Since this example uses a random number generator, you’ll get a different result every time. Here’s an example of the log produced while writing this tutorial:

John
Ringo
John
Ronnie
Ronnie
George
Loops: 6, Set contents: ["Ronnie", "John", "Ringo", "George"]

Here, the loop ran six times in order to get four unique names. It selected Ronnie and John twice, but they only wound up in the set once.

As you’re writing the loop in the Playground, you’ll notice that it runs on a, well, loop, and you’ll get a different number of loops each time. In this case, you’ll need at least four loops, since there must always be four items in the set to break out of the loop.

Now that you’ve seen Set at work on a small scale, it’s time to examine performance with a larger batch.

Sample App Testing Results

Apple didn’t outline overall expectations for set performance as they did for dictionaries and arrays, so in this case you’ll just look at real-world performance.

The sample project has NSSetManipulator and SwiftSetManipulator objects in the SetViewController class similar to the setup in the array and dictionary view controllers, and can be swapped out the same way.

In both cases, if you’re looking for pure speed, using a Set probably won’t make you happy. Compare the numbers on Set and NSMutableSet to the numbers for Array and NSMutableArray, and you’ll see set creation is considerably slower — that’s the price you pay for checking if every single item in a data structure is unique.

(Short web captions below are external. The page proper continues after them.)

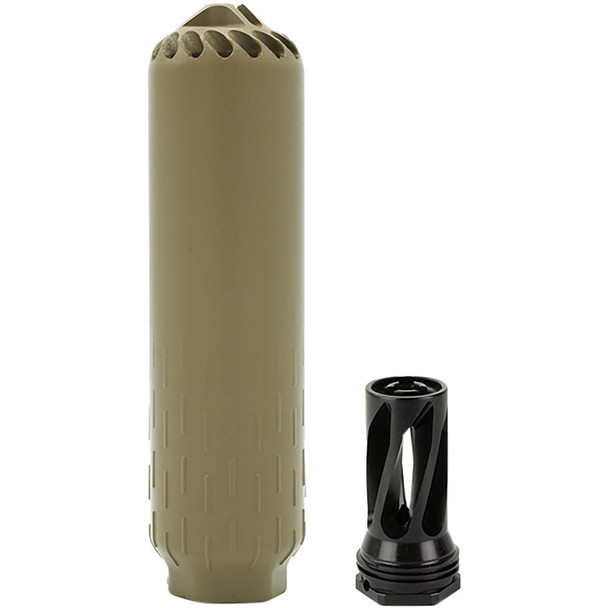 HUXWRX Flow 6k 5/8x24 FDE Suppressor Kit with Flash Hider (3222)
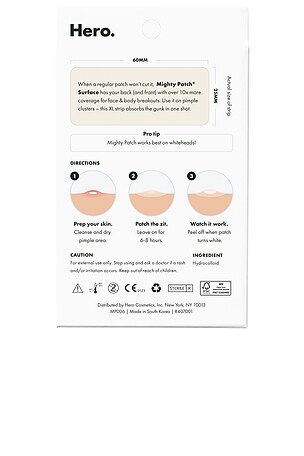 Hero Cosmetics Mighty Patch Surface Pimple Patch 10 Count in Beauty: NA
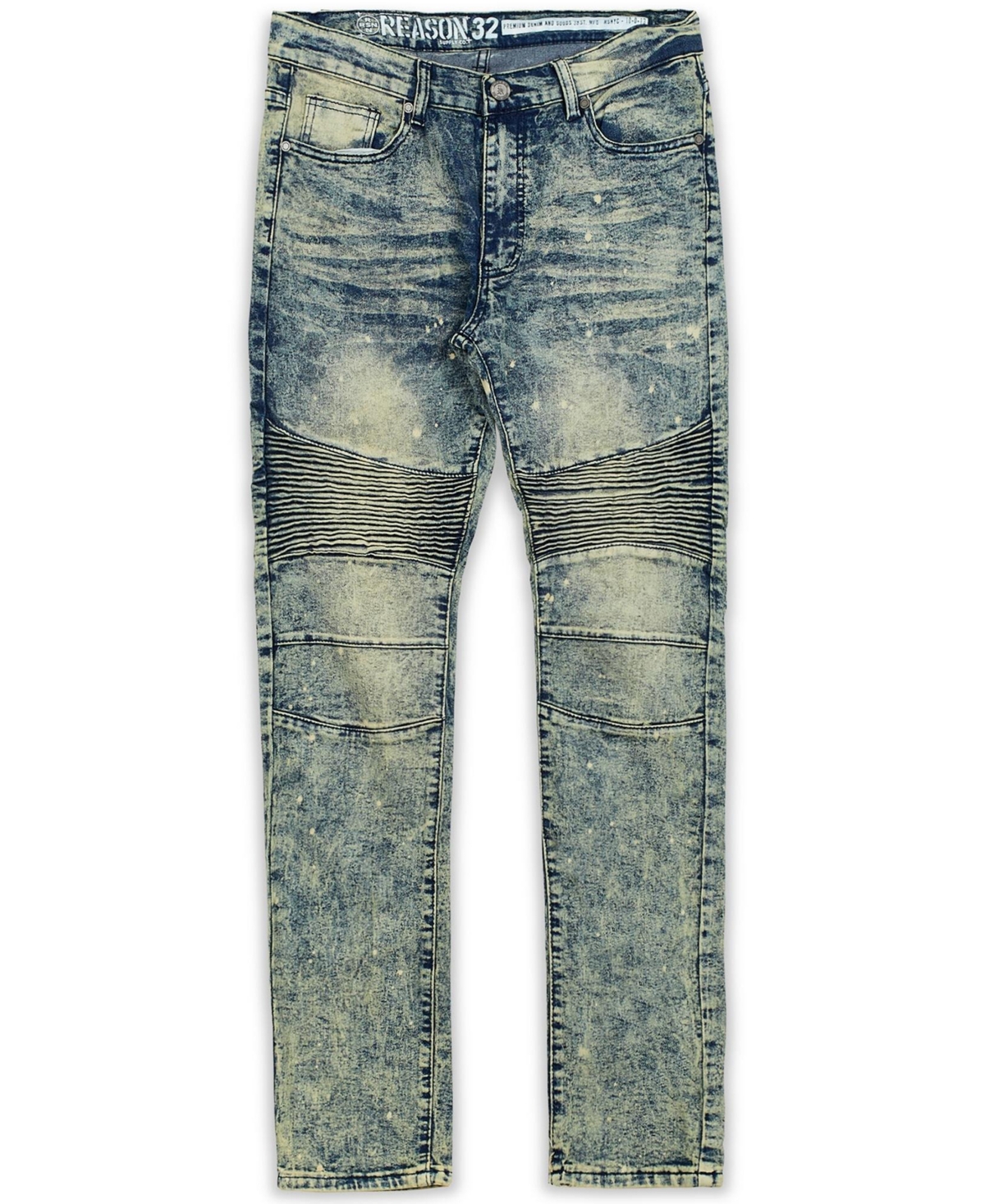 Reason Men's Big And Tall Catch Up Skinny Denim Jeans In Blue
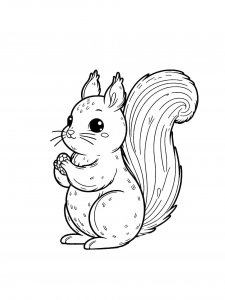 Squirrel Coloring Pages 57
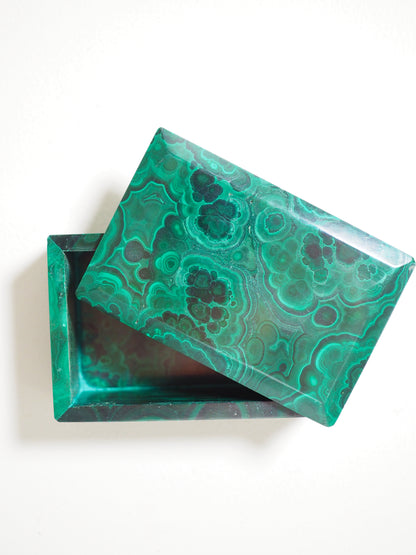 AAA Malachit Schmuck Schachtel . AAA Malachite Box [22] ca. 7cm - aus Kongo High Quality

Detailed testing revealed that since Swift’s Set shows that performance degradation and raw time for most operations is extremely similar to that of NSSet: Creation, removal, and lookup operations are all nearly identical between Foundation and Swift in raw time. Perhaps the extra time in the oven paid off for sets.

Creation degrades for both Swift and Foundation set types at a rate of around O(n). This is expected because every single item in the set must be checked for equality before a new item may be added.

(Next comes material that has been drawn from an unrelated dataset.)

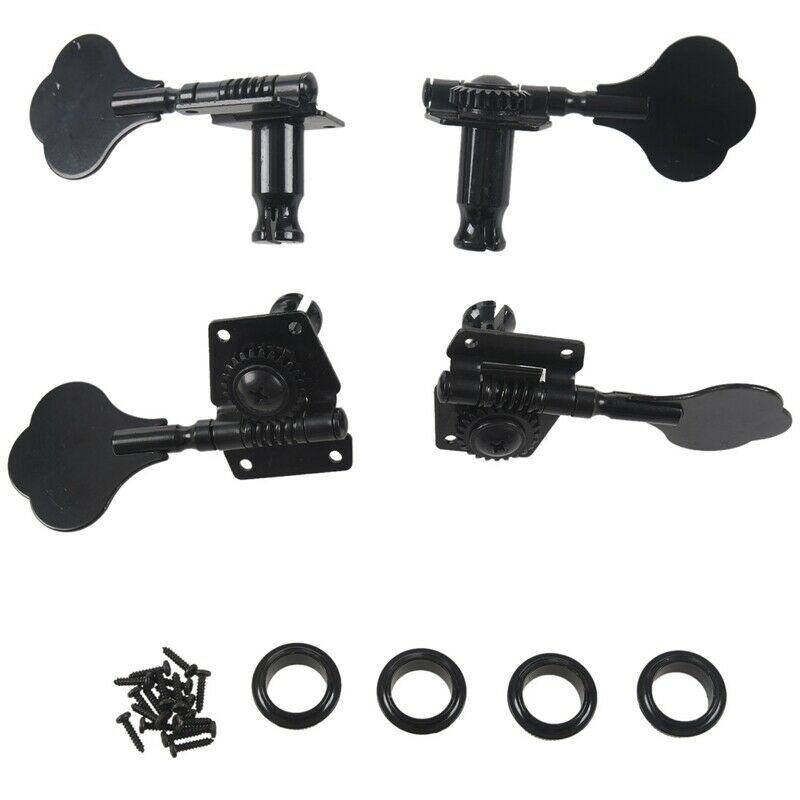 1X(4Pcs Guitar Tuning Pegs Electric Bass Tuner Peg Guitar Open Gear Tuning P4L8)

Removing and looking up actions are both around O(1) performance degradations across Swift and Foundation, making set lookup considerably faster than array lookup. This is largely because set structures use hashes to check for equality, and the hashes can be calculated and stored in sorted order.

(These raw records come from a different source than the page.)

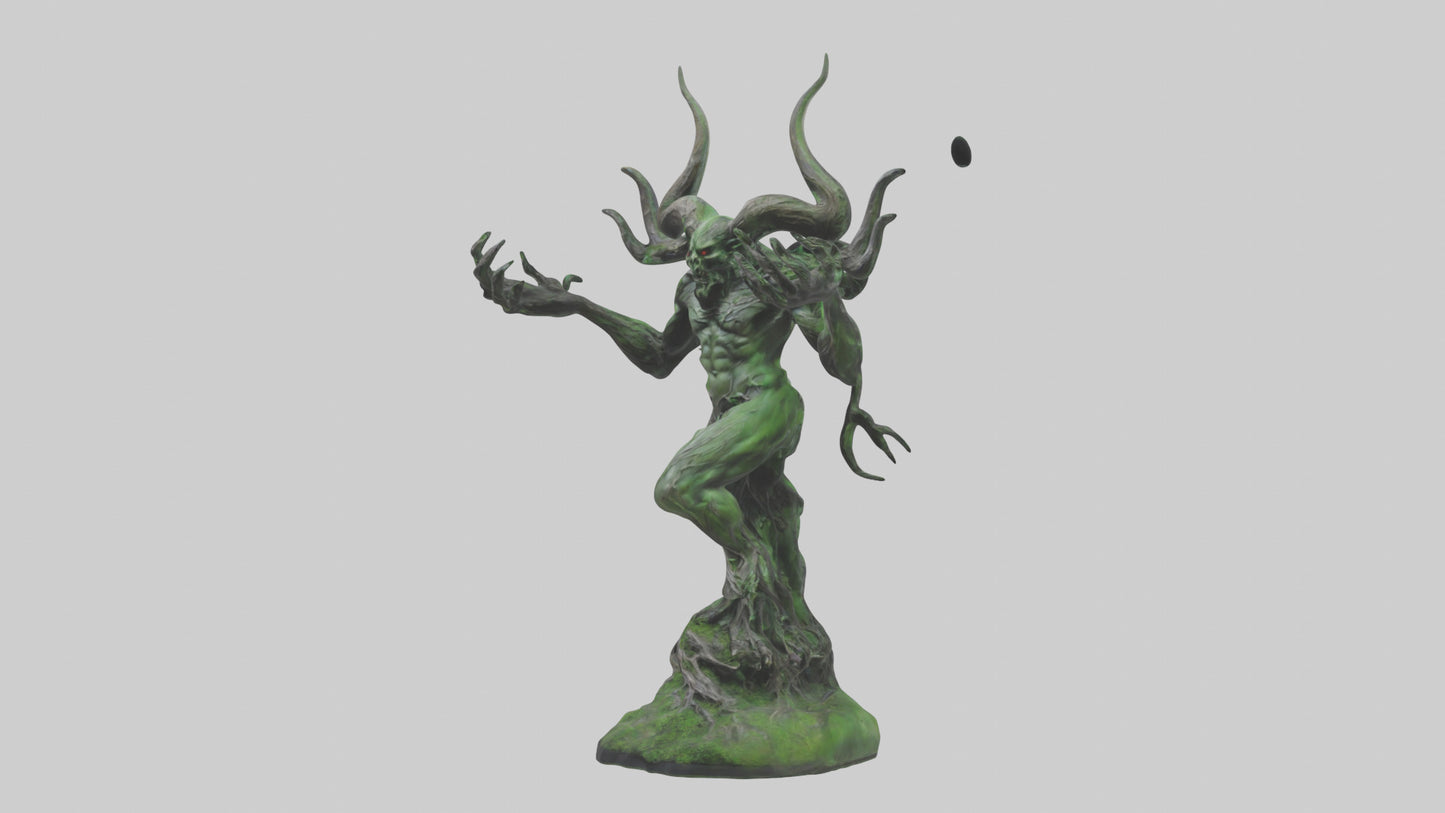 Forest Demon statue model VR / AR / low-poly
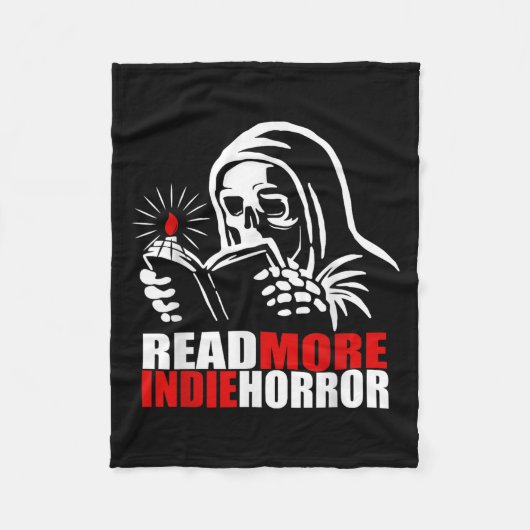 Read More Indie Horror Apparel Fleece Deken (Voorkant)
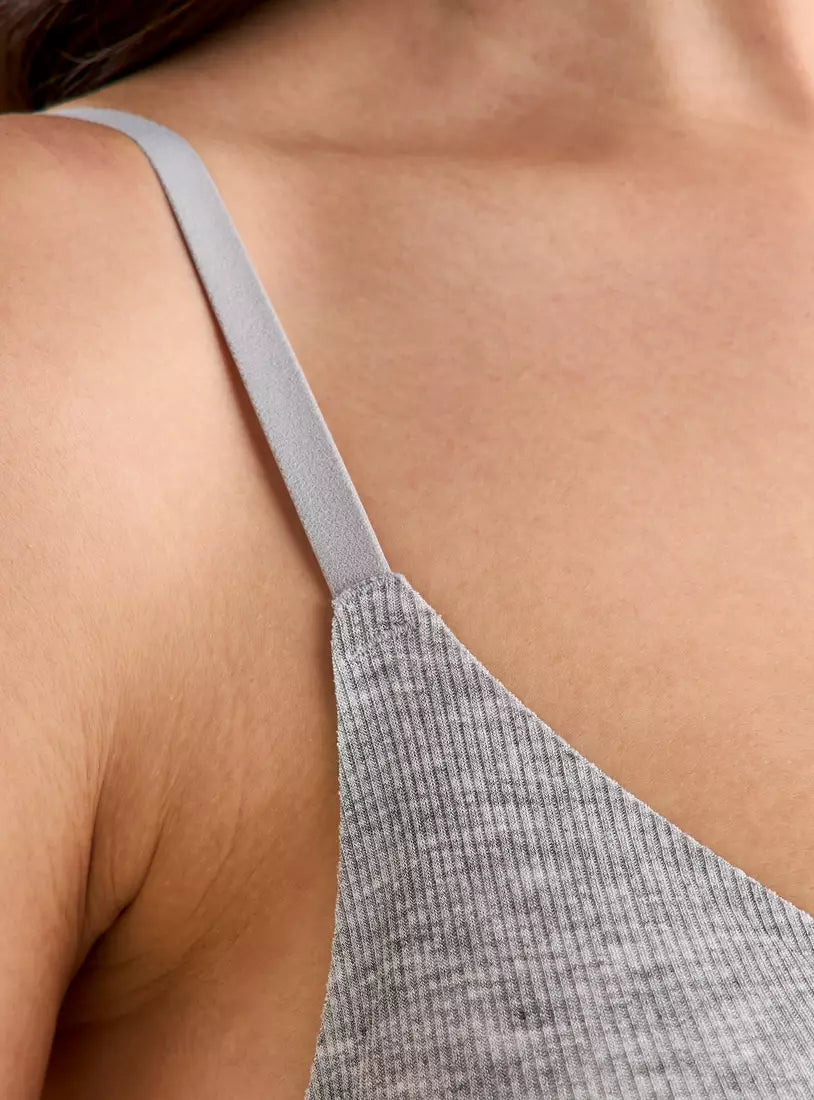 Ribbed Comfort Bra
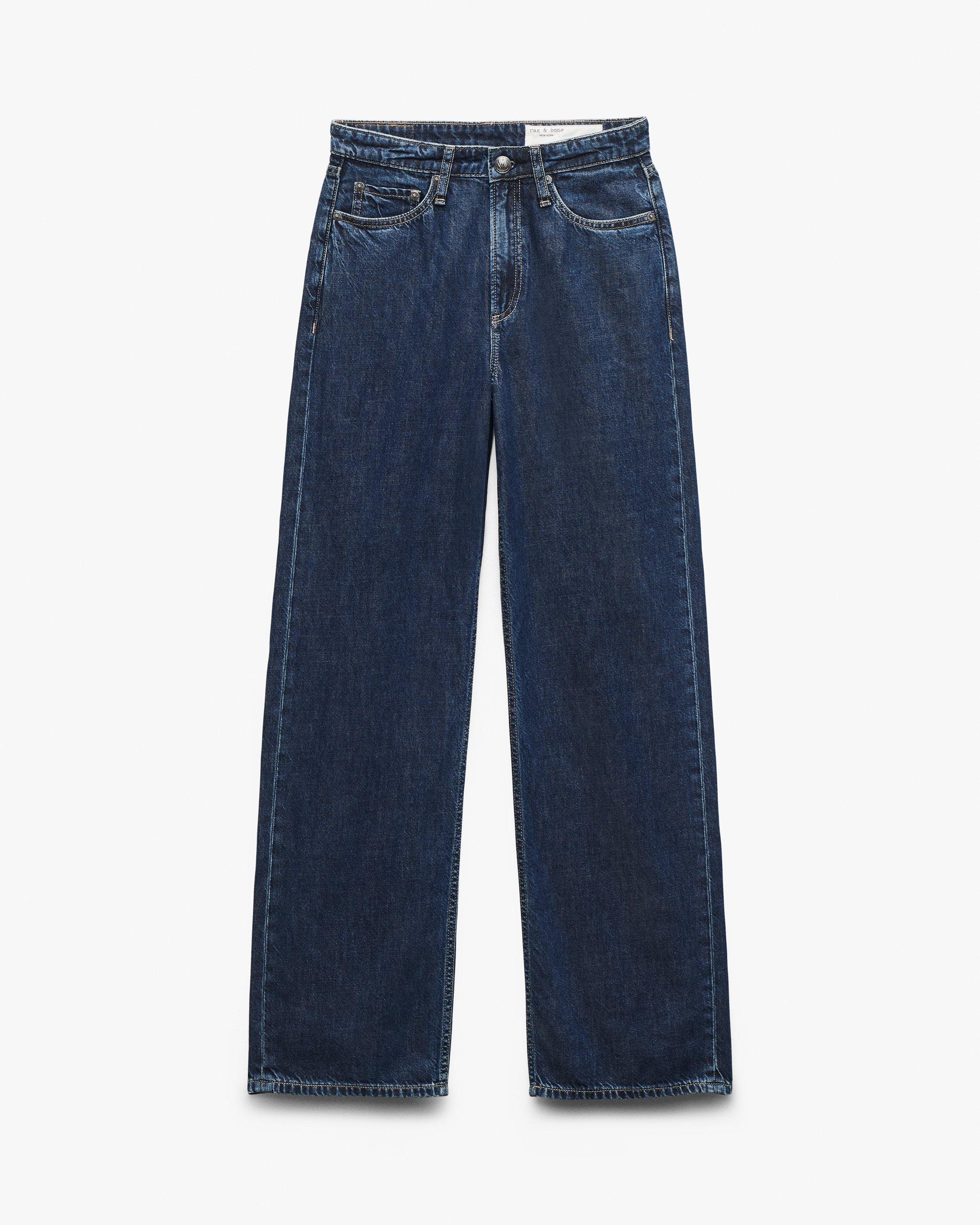 【関税込み】rag & bone ブルー Logan ワイドレッグジーンズ Logan Wide-Leg Jeans - Wellbrook | rag & bone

Overall, it appears that adding an object to an NSSet stays near O(1), whereas it can degrade at a rate higher than O(n) with Swift’s Set structure.

Swift has seen very significant performance improvements in collection data structure performance in its short public life, and will hopefully continue to see them as Swift evolves.

Lesser-known Foundation Data Structures

Arrays, dictionaries and sets are the workhorses of data-handling. However, Cocoa offers a number of lesser-known and perhaps under-appreciated collection types. If a dictionary, array or set won’t do the job, it’s worth checking if one of these will work before you create something from scratch.

NSCache

Using NSCache is very similar to using NSMutableDictionary – you just add and retrieve objects by key. The difference is that NSCache is designed for temporary storage for things that you can always recalculate or regenerate. If available memory gets low, NSCache might remove some objects. They are thread-safe, but Apple’s documentation warns:

This means that an NSCache is like an NSMutableDictionary, except that Foundation may automatically remove an object at any time to relieve memory pressure. This is good for managing how much memory the cache uses, but can cause issues if you rely on an object that may potentially be removed.

NSCache also stores weak references to keys rather than strong references.

NSCountedSet

NSCountedSet tracks how many times you’ve added an object to a mutable set. It inherits from NSMutableSet, so if you try to add the same object again it will only be reflected once in the set.

However, an NSCountedSet tracks how many times an object has been added. You can see how many times an object was added with countForObject().

Note that when you call count on an NSCountedSet, it only returns the count of unique objects, not the number of times all objects were added to the set.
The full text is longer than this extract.